[WORK REQUIRED]
From the data below, copy exactly the lines that lie between the one holding "I'm going to put" and the one holding "If you have", including both, and nothing more.

[INFORMATION SHOWN]

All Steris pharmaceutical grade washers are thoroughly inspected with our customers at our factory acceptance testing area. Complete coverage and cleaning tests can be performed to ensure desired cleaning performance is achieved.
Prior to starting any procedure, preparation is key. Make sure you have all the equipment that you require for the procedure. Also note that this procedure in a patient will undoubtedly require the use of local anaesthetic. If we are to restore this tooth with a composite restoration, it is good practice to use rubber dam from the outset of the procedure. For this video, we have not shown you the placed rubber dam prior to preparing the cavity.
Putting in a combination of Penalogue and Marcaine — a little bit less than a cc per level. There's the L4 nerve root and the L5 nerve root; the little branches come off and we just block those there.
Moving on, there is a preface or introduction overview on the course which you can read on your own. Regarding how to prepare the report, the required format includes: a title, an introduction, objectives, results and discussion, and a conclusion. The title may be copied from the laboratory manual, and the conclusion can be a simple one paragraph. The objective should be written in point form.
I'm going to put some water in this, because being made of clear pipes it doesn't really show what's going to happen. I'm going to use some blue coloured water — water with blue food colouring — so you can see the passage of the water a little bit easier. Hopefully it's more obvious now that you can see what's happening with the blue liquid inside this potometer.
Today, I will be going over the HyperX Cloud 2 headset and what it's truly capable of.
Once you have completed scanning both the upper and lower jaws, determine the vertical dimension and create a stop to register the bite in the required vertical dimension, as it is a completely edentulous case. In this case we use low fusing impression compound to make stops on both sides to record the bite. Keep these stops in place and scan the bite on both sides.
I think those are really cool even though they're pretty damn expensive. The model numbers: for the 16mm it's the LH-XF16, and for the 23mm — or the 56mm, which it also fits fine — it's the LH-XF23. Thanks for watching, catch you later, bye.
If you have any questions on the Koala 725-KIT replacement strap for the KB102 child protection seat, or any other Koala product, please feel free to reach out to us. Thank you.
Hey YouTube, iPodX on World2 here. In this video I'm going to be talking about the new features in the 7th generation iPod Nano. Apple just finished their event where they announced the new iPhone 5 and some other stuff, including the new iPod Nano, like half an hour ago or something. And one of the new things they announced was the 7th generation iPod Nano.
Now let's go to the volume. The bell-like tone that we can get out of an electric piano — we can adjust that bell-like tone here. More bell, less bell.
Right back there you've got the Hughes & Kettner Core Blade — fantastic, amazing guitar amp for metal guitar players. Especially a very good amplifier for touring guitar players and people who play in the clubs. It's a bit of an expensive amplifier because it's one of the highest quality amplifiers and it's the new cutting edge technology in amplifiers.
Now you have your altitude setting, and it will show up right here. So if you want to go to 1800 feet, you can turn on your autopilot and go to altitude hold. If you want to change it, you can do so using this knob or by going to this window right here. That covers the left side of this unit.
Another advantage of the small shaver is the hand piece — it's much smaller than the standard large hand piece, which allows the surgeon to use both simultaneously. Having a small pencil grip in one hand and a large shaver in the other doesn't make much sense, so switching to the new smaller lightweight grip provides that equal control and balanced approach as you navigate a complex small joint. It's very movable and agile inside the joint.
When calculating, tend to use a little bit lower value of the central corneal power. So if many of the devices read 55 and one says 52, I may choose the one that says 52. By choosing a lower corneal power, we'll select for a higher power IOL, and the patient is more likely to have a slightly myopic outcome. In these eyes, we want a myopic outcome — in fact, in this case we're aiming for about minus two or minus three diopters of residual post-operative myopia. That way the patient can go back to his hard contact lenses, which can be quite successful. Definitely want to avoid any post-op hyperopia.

[WRITTEN REPLY]
I'm going to put some water in this, because being made of clear pipes it doesn't really show what's going to happen. I'm going to use some blue coloured water — water with blue food colouring — so you can see the passage of the water a little bit easier. Hopefully it's more obvious now that you can see what's happening with the blue liquid inside this potometer.
Today, I will be going over the HyperX Cloud 2 headset and what it's truly capable of.
Once you have completed scanning both the upper and lower jaws, determine the vertical dimension and create a stop to register the bite in the required vertical dimension, as it is a completely edentulous case. In this case we use low fusing impression compound to make stops on both sides to record the bite. Keep these stops in place and scan the bite on both sides.
I think those are really cool even though they're pretty damn expensive. The model numbers: for the 16mm it's the LH-XF16, and for the 23mm — or the 56mm, which it also fits fine — it's the LH-XF23. Thanks for watching, catch you later, bye.
If you have any questions on the Koala 725-KIT replacement strap for the KB102 child protection seat, or any other Koala product, please feel free to reach out to us. Thank you.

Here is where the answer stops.